Publié le 15 décembre 2025 à 10h00. Lors du sommet COP16 sur la biodiversité, les peuples autochtones ont obtenu une place officielle et permanente dans les processus décisionnels internationaux liés à la conservation, une avancée saluée mais dont la concrétisation reste à assurer. Parallèlement, la restauration de la rivière Klamath en Californie témoigne d’une réussite environnementale spectaculaire avec le retour du saumon.
- Les peuples autochtones disposent désormais d’un comité permanent au sein des négociations sur la biodiversité.
- Près de 2 500 représentants autochtones ont participé à la COP16 au Brésil, constituant la plus importante délégation de l’histoire de ces conférences.

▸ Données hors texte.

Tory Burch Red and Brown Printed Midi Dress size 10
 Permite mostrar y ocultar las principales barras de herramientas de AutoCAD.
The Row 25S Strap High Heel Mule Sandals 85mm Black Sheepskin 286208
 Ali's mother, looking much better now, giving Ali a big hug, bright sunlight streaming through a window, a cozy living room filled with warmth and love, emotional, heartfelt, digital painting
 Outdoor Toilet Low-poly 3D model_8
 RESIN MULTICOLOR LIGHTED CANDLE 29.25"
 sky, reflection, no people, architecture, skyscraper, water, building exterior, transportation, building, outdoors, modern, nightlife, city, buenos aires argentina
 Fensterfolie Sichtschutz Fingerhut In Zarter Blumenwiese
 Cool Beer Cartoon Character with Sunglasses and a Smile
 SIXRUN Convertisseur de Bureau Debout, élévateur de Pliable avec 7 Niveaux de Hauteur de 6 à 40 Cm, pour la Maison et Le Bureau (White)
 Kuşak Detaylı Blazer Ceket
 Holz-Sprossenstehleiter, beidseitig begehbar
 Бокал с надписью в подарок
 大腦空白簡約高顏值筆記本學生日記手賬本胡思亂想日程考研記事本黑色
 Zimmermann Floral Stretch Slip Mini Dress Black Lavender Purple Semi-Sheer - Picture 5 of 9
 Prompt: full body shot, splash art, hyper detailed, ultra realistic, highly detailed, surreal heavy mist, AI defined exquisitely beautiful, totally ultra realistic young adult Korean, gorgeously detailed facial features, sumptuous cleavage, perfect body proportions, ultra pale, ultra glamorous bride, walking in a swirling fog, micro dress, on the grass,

- Un an après la suppression de quatre barrages sur la rivière Klamath, le saumon est revenu en grand nombre dans ses frayères.
Un tournant majeur s’est produit lors du sommet COP16 sur la biodiversité, qui s’est tenu en février dernier. Les peuples autochtones, gardiens de savoirs ancestraux cruciaux pour la protection de l’environnement, ont vu leur voix enfin reconnue de manière formelle. L’établissement d’un nouveau comité permanent leur confère un droit de regard officiel sur les décisions relatives à la conservation, rompant avec un statut auparavant informel et souvent négligé.
Cette avancée significative a été particulièrement visible lors de la COP30 au Brésil, où une délégation autochtone record, estimée à 2 500 personnes, était présente. L’importance des connaissances traditionnelles a été soulignée tout au long de la conférence.
Outre cette reconnaissance, le sommet a été marqué par de nouvelles promesses de financement et des engagements à reconnaître les droits fonciers des peuples autochtones. Au Brésil, concrètement, 10 nouveaux territoires indigènes ont été créés. Cependant, des inquiétudes persistent quant à la mise en œuvre effective de ces promesses, et les menaces qui pèsent sur de nombreuses communautés autochtones demeurent réelles. Survival International a notamment rapporté la mort violente d’un dirigeant guarani Kaiowá dans le sud du Brésil pendant la conférence.
Par ailleurs, un exemple concret de restauration environnementale réussie est à observer sur la rivière Klamath, en Californie. Un an après la suppression historique de quatre barrages qui entravaient son cours, le saumon est revenu en nombre impressionnant dans ses frayères traditionnelles.
Getty Images« Il y a du saumon partout dans le paysage en ce moment », a déclaré Michael Harris, responsable de l’environnement du programme Klamath Watershed Program du Département de la pêche et de la faune de Californie, selon des informations locales. « La rapidité de leur retour est remarquable. » Cette restauration, fruit d’une campagne menée par les tribus locales, démontre l’impact positif de la restauration des écosystèmes sur la biodiversité.